Data excerpts:
=== Section Start ===
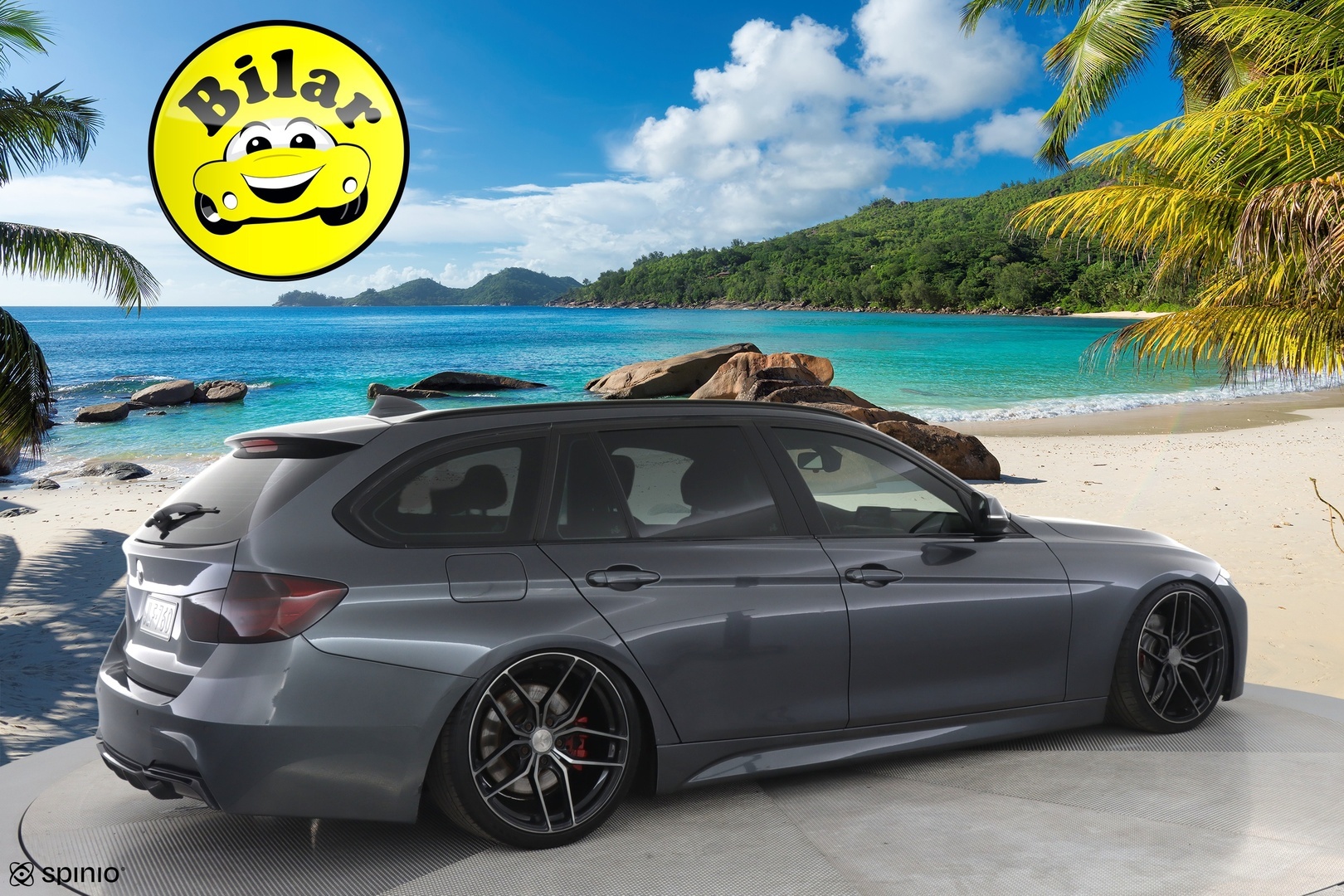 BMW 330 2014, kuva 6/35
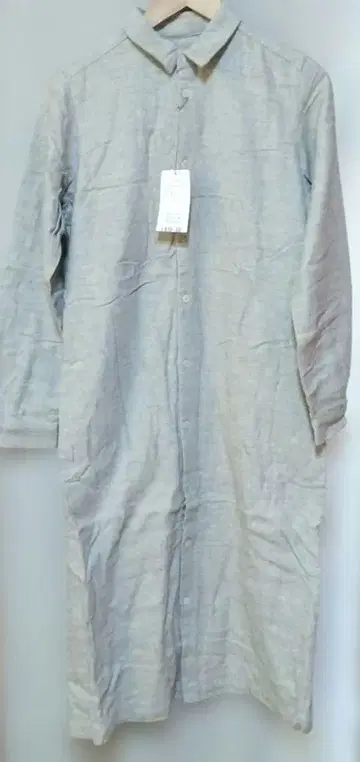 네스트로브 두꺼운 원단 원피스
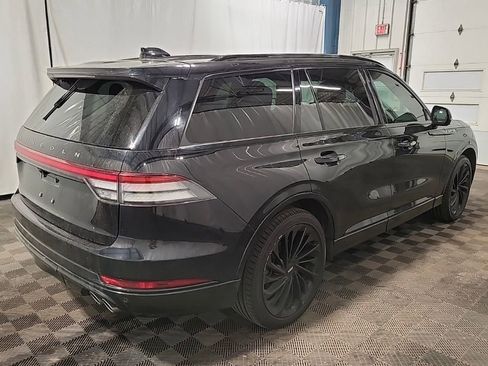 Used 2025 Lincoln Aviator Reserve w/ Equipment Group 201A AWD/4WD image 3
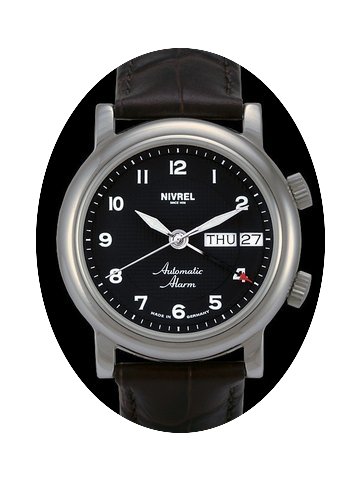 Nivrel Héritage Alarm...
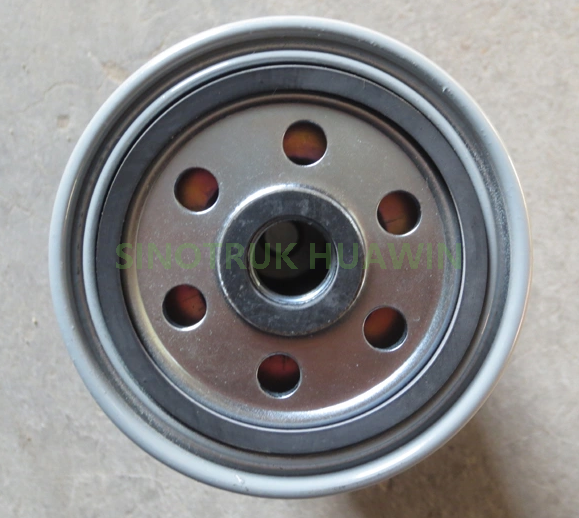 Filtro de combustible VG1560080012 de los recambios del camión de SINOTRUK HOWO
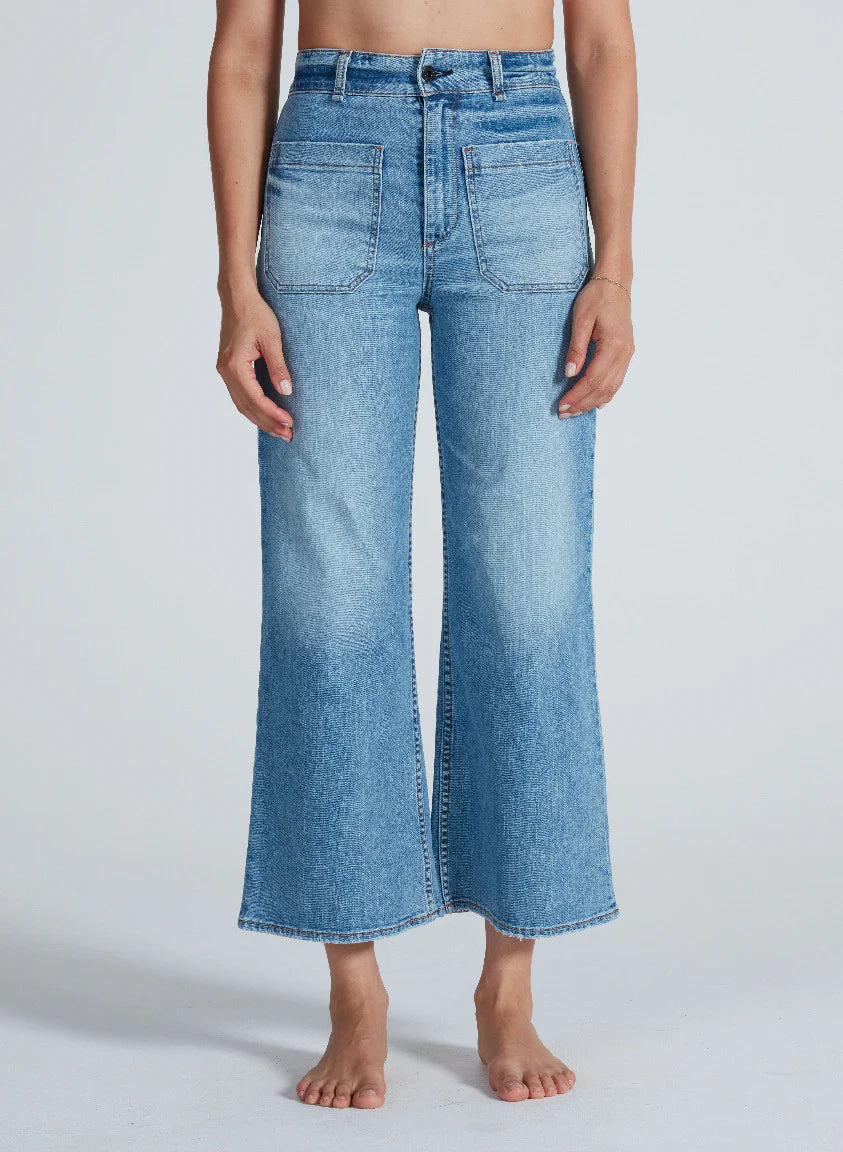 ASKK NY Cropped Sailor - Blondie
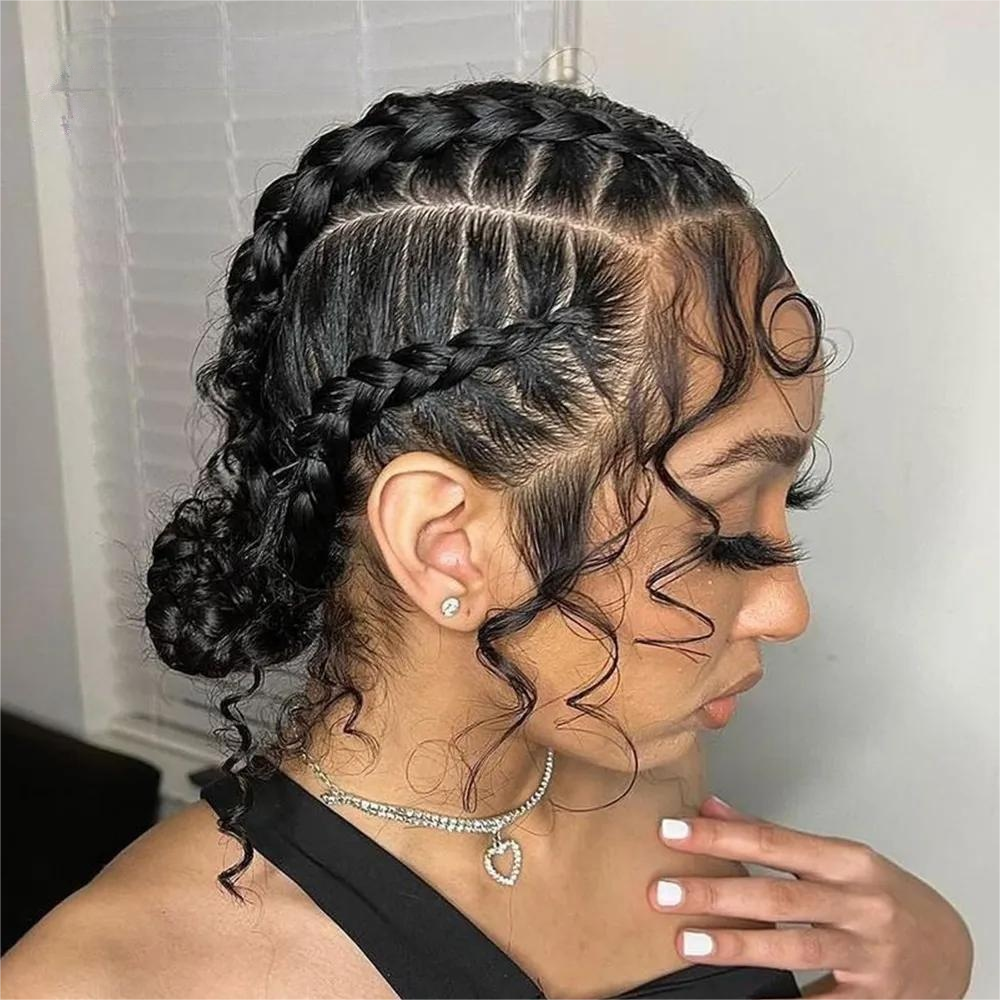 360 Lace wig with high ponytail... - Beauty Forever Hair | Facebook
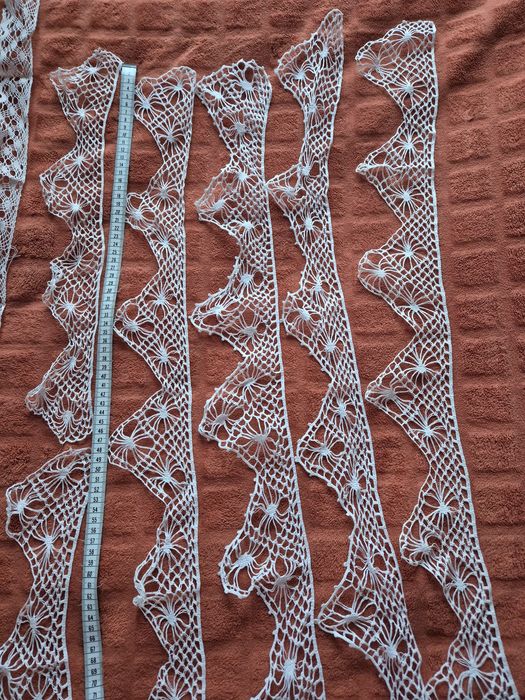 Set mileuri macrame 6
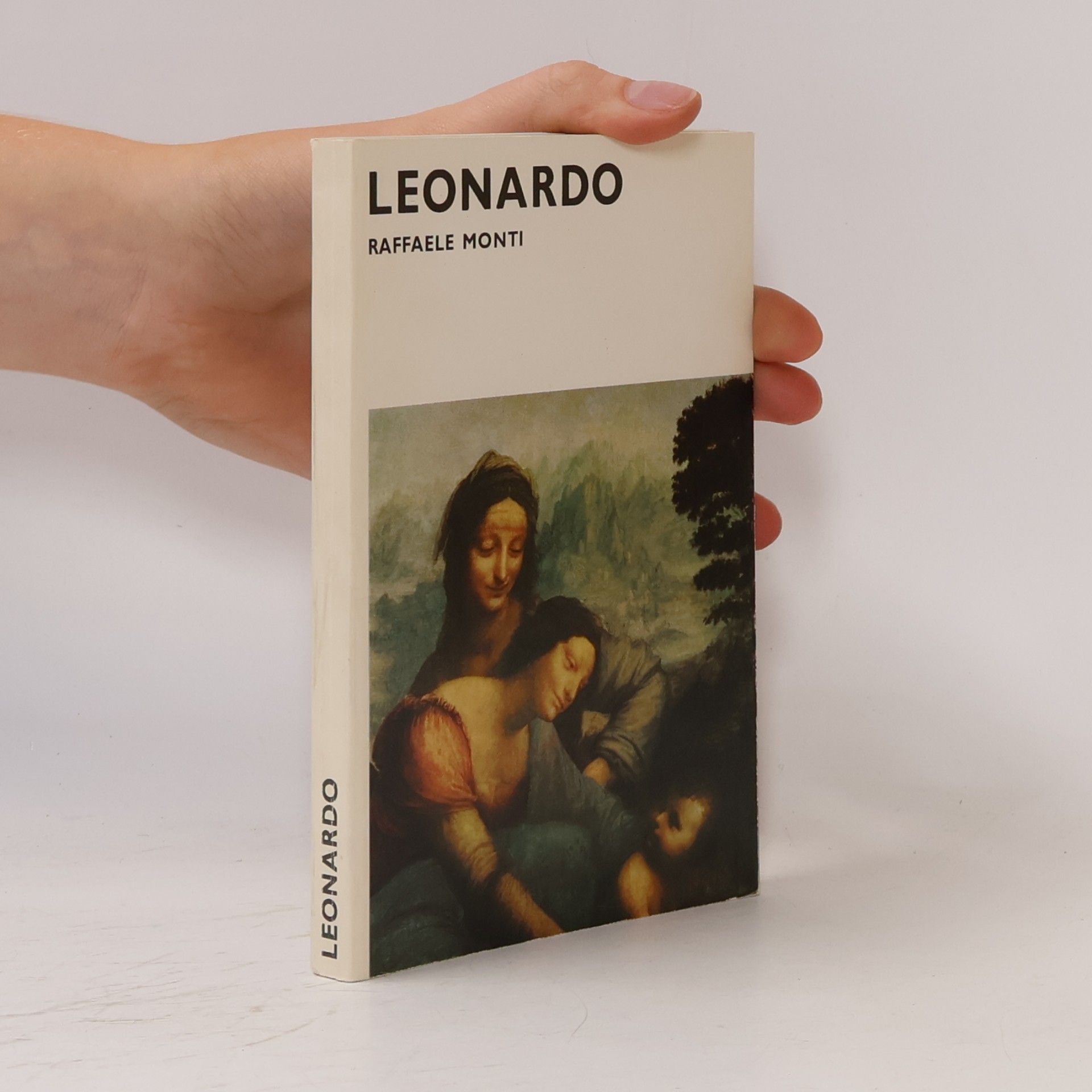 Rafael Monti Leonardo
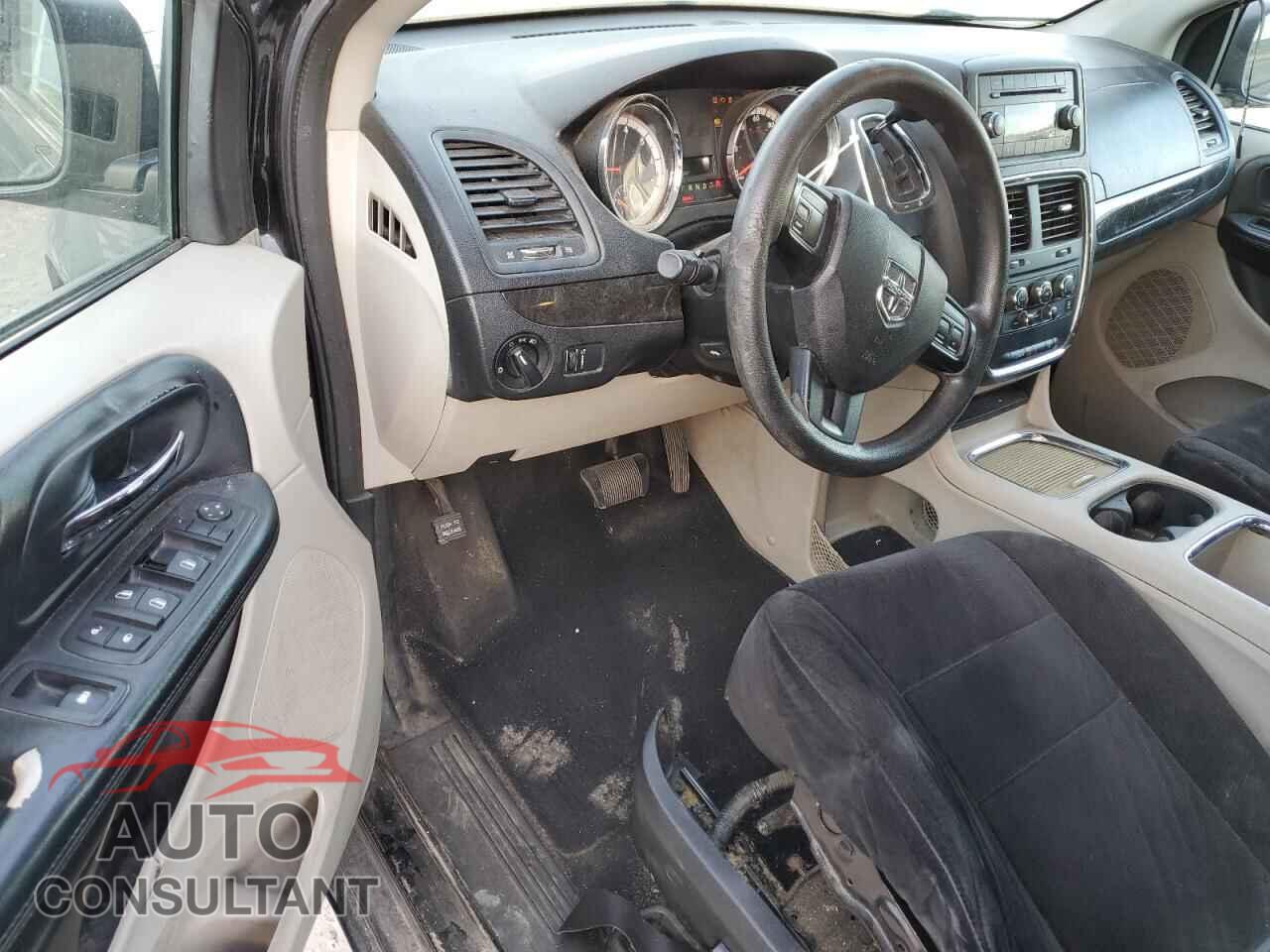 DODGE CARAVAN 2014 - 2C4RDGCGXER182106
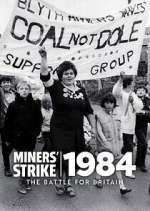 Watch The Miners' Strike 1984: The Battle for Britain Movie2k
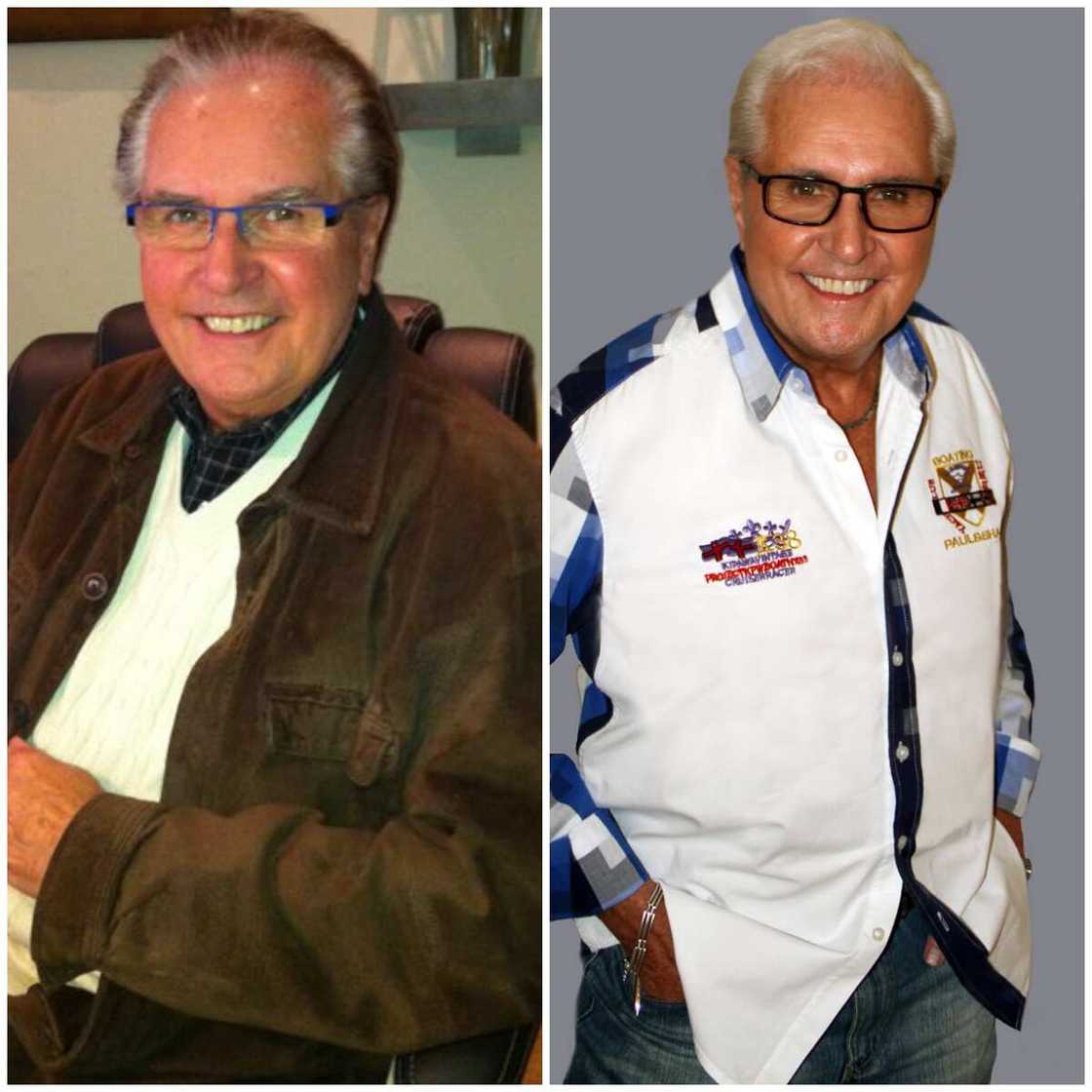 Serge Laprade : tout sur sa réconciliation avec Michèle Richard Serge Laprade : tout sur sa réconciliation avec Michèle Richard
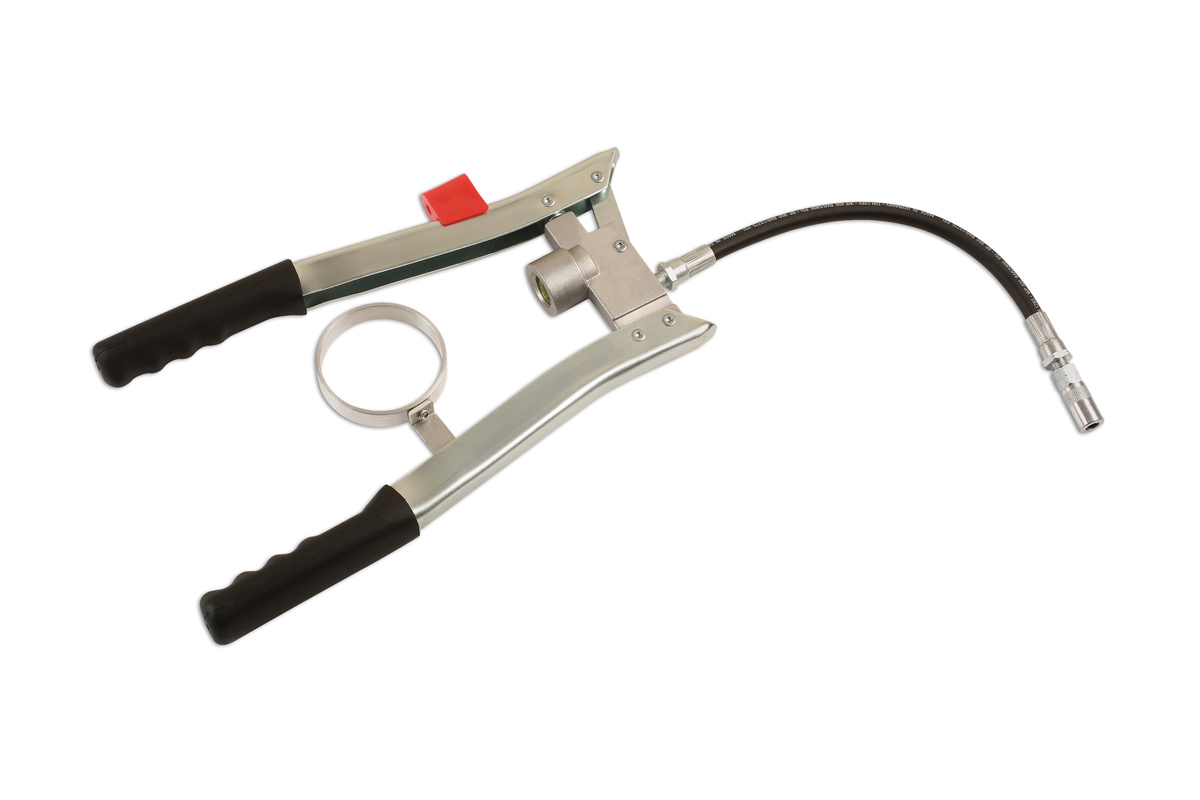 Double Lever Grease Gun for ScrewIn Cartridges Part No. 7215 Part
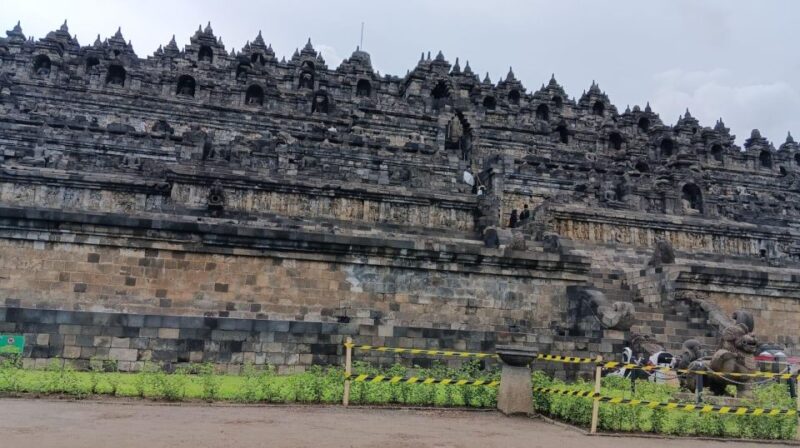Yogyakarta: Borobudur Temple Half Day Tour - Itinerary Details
=== Section End ===
● Work order: The records above are to be copied exactly, without their pictures.

● Answer:
 BMW 330 2014, kuva 6/35
 네스트로브 두꺼운 원단 원피스
 Used 2025 Lincoln Aviator Reserve w/ Equipment Group 201A AWD/4WD image 3
 Nivrel Héritage Alarm...
 Filtro de combustible VG1560080012 de los recambios del camión de SINOTRUK HOWO
 ASKK NY Cropped Sailor - Blondie
 360 Lace wig with high ponytail... - Beauty Forever Hair | Facebook
 Set mileuri macrame 6
 Rafael Monti Leonardo
 DODGE CARAVAN 2014 - 2C4RDGCGXER182106
 Watch The Miners' Strike 1984: The Battle for Britain Movie2k
 Serge Laprade : tout sur sa réconciliation avec Michèle Richard Serge Laprade : tout sur sa réconciliation avec Michèle Richard
 Double Lever Grease Gun for ScrewIn Cartridges Part No. 7215 Part
Yogyakarta: Borobudur Temple Half Day Tour - Itinerary Details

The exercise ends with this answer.